» Work to be completed:
In the data below, find the line containing "3FADP4BJ9GM125683 2016 Ford Fiesta Se", then set down that line and every later line up to and including the line containing "2015 Honda Cr-V Ex VIN:2HKRM4H54FH615679 - 8", exactly.

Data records
=== Section Start ===
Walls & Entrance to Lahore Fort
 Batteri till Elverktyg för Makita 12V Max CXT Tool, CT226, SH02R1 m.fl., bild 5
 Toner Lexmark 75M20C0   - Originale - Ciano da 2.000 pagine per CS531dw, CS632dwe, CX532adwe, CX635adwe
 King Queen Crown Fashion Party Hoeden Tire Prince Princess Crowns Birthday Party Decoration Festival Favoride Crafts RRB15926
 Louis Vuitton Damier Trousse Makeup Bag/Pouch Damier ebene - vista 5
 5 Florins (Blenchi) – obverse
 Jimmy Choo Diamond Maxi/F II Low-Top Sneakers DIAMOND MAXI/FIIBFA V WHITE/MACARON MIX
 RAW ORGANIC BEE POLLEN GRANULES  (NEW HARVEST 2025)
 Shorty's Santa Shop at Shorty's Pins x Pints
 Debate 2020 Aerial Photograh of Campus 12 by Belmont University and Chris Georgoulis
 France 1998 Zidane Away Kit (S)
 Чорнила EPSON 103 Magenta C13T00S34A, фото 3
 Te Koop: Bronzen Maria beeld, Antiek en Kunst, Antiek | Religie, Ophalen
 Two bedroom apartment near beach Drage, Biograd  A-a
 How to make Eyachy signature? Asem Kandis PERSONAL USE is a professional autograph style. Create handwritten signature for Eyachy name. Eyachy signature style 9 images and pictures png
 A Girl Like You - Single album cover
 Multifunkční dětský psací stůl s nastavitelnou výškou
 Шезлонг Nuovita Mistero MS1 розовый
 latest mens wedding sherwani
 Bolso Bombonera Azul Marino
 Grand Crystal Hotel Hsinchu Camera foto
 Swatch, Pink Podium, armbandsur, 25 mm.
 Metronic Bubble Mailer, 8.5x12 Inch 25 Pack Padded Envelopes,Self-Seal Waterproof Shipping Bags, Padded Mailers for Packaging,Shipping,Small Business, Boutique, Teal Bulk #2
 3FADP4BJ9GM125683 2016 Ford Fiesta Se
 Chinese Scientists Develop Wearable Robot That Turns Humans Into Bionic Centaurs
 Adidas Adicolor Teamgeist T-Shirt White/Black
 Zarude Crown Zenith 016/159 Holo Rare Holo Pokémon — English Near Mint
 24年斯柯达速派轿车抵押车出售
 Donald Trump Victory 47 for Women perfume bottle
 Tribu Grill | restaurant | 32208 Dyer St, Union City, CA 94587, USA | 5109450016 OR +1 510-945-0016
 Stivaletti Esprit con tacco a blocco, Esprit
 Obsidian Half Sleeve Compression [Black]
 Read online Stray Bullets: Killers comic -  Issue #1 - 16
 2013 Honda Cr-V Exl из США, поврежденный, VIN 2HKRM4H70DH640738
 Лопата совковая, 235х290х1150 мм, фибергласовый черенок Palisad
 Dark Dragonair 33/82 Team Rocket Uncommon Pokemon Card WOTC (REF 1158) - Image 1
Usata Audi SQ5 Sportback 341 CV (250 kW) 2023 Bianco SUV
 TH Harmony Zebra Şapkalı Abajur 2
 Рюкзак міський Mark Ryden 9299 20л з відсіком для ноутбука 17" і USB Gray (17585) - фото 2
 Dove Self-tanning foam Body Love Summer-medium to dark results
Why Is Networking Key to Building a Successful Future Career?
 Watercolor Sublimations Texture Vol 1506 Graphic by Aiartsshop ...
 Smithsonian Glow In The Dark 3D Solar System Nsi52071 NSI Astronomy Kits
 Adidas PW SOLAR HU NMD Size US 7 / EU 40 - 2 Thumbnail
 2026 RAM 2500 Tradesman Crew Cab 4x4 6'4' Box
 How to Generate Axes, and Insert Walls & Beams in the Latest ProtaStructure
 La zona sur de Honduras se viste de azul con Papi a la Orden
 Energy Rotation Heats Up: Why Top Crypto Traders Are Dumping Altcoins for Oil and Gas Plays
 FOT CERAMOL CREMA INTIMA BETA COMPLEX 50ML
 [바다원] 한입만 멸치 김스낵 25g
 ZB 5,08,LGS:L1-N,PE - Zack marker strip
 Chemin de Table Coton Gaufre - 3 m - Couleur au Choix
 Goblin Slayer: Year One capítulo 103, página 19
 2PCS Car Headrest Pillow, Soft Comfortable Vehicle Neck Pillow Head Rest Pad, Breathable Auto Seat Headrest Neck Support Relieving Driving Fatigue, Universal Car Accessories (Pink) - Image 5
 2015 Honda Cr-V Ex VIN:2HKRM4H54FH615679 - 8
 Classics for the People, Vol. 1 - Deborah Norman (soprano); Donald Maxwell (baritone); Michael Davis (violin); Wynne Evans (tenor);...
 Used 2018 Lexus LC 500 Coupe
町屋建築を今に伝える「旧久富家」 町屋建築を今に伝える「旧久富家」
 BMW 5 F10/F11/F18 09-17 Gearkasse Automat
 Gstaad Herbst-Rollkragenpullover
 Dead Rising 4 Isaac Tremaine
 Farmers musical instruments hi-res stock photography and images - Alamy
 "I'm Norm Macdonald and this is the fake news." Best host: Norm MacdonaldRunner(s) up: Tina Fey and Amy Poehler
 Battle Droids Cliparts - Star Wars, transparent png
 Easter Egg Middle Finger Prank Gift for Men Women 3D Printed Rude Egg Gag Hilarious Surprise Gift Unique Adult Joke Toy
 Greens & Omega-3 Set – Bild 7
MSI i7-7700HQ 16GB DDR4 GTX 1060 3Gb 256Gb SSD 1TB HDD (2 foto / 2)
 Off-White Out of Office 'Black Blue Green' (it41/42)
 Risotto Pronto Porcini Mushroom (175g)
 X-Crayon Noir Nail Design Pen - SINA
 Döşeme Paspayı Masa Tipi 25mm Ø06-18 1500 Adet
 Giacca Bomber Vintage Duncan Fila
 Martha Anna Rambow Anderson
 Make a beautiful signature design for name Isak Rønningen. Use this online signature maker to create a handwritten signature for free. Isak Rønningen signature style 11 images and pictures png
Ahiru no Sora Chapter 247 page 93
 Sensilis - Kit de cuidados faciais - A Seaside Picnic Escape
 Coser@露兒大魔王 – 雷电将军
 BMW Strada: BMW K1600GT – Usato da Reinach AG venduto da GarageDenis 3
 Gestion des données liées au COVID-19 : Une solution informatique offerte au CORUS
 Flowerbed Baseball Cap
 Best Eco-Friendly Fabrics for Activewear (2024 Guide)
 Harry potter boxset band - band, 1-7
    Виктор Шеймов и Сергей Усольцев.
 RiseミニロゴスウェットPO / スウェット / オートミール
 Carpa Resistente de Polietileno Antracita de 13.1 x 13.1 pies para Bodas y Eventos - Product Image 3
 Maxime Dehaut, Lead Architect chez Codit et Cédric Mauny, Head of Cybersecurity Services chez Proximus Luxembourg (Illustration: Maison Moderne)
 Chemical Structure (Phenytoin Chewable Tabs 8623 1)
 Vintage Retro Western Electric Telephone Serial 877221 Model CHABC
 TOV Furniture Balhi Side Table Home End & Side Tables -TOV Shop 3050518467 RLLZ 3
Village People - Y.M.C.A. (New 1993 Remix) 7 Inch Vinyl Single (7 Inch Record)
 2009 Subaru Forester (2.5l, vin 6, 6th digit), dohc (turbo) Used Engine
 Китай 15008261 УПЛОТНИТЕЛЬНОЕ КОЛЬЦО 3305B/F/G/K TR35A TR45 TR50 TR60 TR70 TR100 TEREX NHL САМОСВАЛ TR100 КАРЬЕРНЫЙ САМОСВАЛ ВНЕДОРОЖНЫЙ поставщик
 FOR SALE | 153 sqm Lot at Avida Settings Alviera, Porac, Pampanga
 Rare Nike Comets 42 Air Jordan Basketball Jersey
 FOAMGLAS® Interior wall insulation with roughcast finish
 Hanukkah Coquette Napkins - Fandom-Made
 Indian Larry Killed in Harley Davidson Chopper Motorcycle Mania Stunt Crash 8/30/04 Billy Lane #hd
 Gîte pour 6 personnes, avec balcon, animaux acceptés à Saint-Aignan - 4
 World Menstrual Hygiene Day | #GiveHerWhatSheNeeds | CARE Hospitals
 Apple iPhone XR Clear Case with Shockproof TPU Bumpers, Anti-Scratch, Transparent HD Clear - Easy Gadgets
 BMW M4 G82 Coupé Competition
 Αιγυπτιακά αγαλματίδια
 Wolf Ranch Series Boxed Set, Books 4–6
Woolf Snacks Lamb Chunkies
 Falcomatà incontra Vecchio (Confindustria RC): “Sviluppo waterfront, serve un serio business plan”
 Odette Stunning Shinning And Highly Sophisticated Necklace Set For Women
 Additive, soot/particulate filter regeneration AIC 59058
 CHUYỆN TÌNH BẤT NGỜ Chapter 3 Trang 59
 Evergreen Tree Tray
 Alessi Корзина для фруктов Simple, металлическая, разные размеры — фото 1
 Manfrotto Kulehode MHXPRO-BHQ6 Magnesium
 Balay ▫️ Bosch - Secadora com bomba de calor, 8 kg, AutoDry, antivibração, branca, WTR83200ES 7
=== Section End ===
» Your solution:
 3FADP4BJ9GM125683 2016 Ford Fiesta Se
 Chinese Scientists Develop Wearable Robot That Turns Humans Into Bionic Centaurs
 Adidas Adicolor Teamgeist T-Shirt White/Black
 Zarude Crown Zenith 016/159 Holo Rare Holo Pokémon — English Near Mint
 24年斯柯达速派轿车抵押车出售
 Donald Trump Victory 47 for Women perfume bottle
 Tribu Grill | restaurant | 32208 Dyer St, Union City, CA 94587, USA | 5109450016 OR +1 510-945-0016
 Stivaletti Esprit con tacco a blocco, Esprit
 Obsidian Half Sleeve Compression [Black]
 Read online Stray Bullets: Killers comic -  Issue #1 - 16
 2013 Honda Cr-V Exl из США, поврежденный, VIN 2HKRM4H70DH640738
 Лопата совковая, 235х290х1150 мм, фибергласовый черенок Palisad
 Dark Dragonair 33/82 Team Rocket Uncommon Pokemon Card WOTC (REF 1158) - Image 1
Usata Audi SQ5 Sportback 341 CV (250 kW) 2023 Bianco SUV
 TH Harmony Zebra Şapkalı Abajur 2
 Рюкзак міський Mark Ryden 9299 20л з відсіком для ноутбука 17" і USB Gray (17585) - фото 2
 Dove Self-tanning foam Body Love Summer-medium to dark results
Why Is Networking Key to Building a Successful Future Career?
 Watercolor Sublimations Texture Vol 1506 Graphic by Aiartsshop ...
 Smithsonian Glow In The Dark 3D Solar System Nsi52071 NSI Astronomy Kits
 Adidas PW SOLAR HU NMD Size US 7 / EU 40 - 2 Thumbnail
 2026 RAM 2500 Tradesman Crew Cab 4x4 6'4' Box
 How to Generate Axes, and Insert Walls & Beams in the Latest ProtaStructure
 La zona sur de Honduras se viste de azul con Papi a la Orden
 Energy Rotation Heats Up: Why Top Crypto Traders Are Dumping Altcoins for Oil and Gas Plays
 FOT CERAMOL CREMA INTIMA BETA COMPLEX 50ML
 [바다원] 한입만 멸치 김스낵 25g
 ZB 5,08,LGS:L1-N,PE - Zack marker strip
 Chemin de Table Coton Gaufre - 3 m - Couleur au Choix
 Goblin Slayer: Year One capítulo 103, página 19
 2PCS Car Headrest Pillow, Soft Comfortable Vehicle Neck Pillow Head Rest Pad, Breathable Auto Seat Headrest Neck Support Relieving Driving Fatigue, Universal Car Accessories (Pink) - Image 5
 2015 Honda Cr-V Ex VIN:2HKRM4H54FH615679 - 8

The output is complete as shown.